Vitamin and Mineral Food Expenditure Elasticities.^a

	N (total possible = 10,875)	Food expenditure elasticity
Vitamin A, IU	10,836	0.38
Vitamin B6, mg	10,872	0.05
Vitamin B12, g	8,751	−0.30
Vitamin E, mg	10,855	−0.09
Total folate, g	10,869	−0.08
Niacin, mg	10,872	−0.01
Riboflavin (B2), mg	10,872	−0.50
Vitamin C, mg	10,813	−0.44
Calcium, mg	10,875	−0.11
Iron, mg	10,874	−0.19
Magnesium, mg	10,872	−0.02
Phosphorous, mg	10,873	0.01
Zinc, mg	10,871	0.08
Sodium, mg	10,875	−0.11

Abbreviation: IOF, Inquérito de Orçamento Familiar.

^a Authors’ calculations using the 2008/2009 IOF data.

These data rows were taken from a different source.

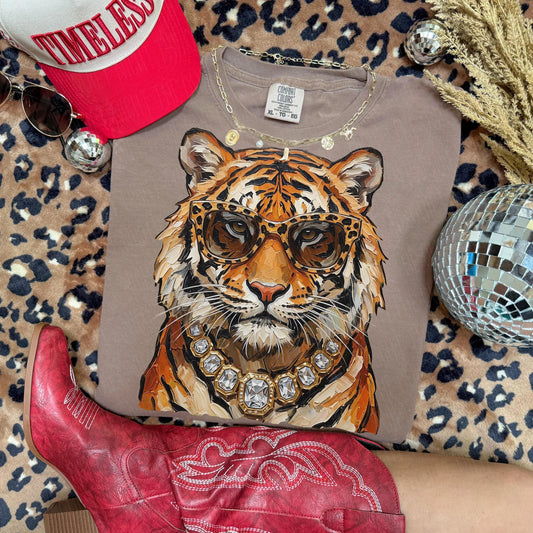 Glam Tiger Mascot Graphic Tee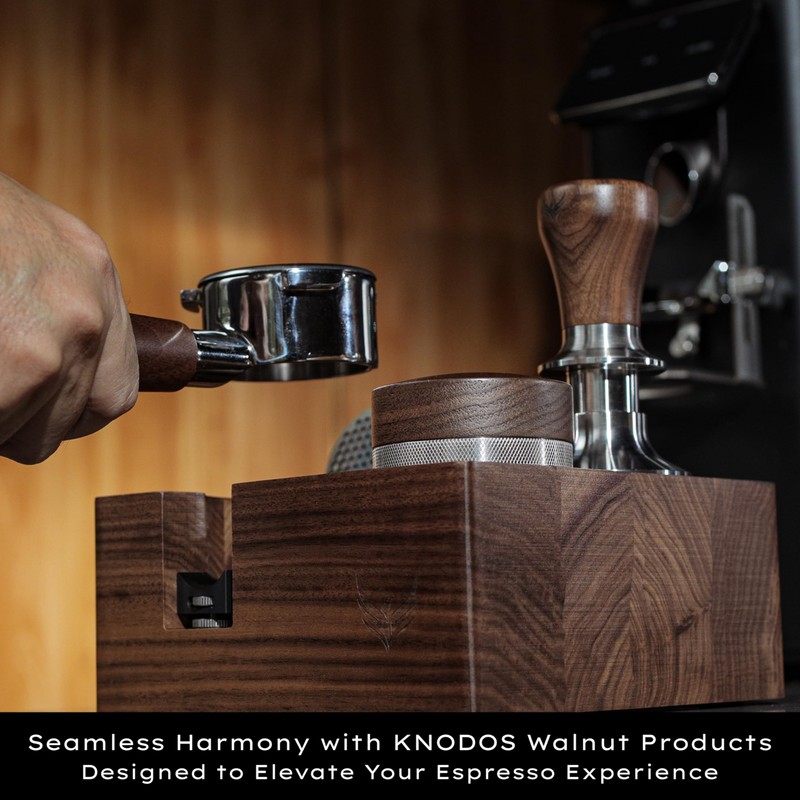 KNODOS 58.5mm Tamper V2 Calibrated Espresso Tamper Walnut Handle, Auto-Leveling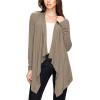 imageLock and Love Womens Draped Front Open Asymmetrical Cardigan  Casual Long Sleeve Lightweight DusterWsk849taupe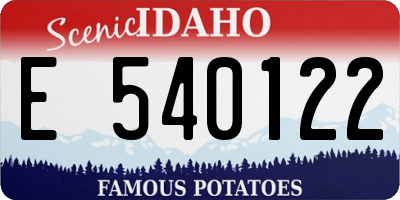 ID license plate E540122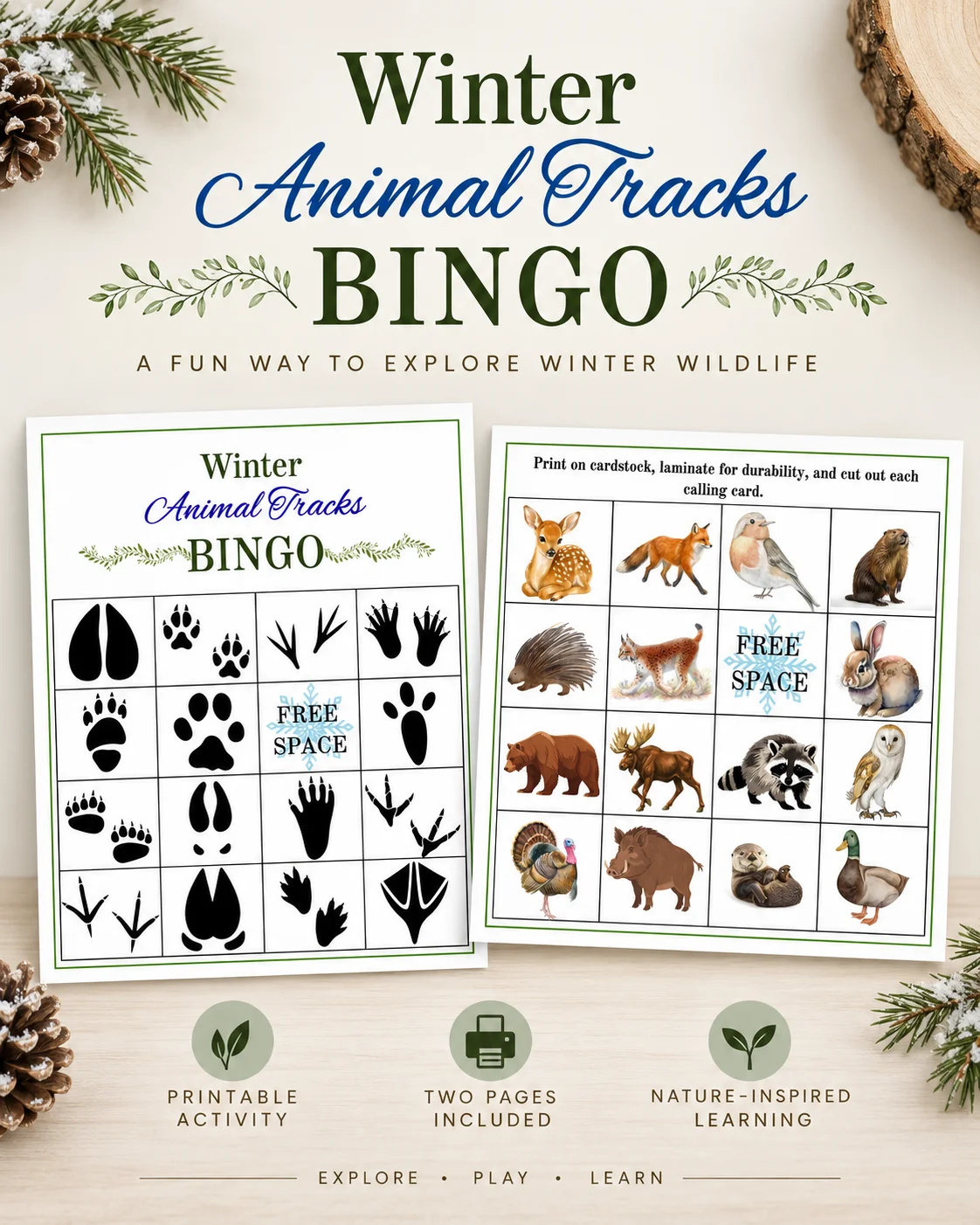 he set includes illustrated animal calling cards and a labeled control chart with animals such as deer, fox, rabbit, bear, moose, raccoon, owl, otter, duck, and more.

Elasticities are all significant at the P < .01 level except for niacin and phosphorous.

There can be no doubt that falling vegetable and fruit food shares with total household expenditures are one of the drivers of these results. And as mentioned in the previous section, the food group expenditure shares of roots/tubers/legumes, nuts/seeds, cereals/grains, and fish/shellfish are also expected to decrease with increasing total expenditure, while meat, egg, and beverage shares increase.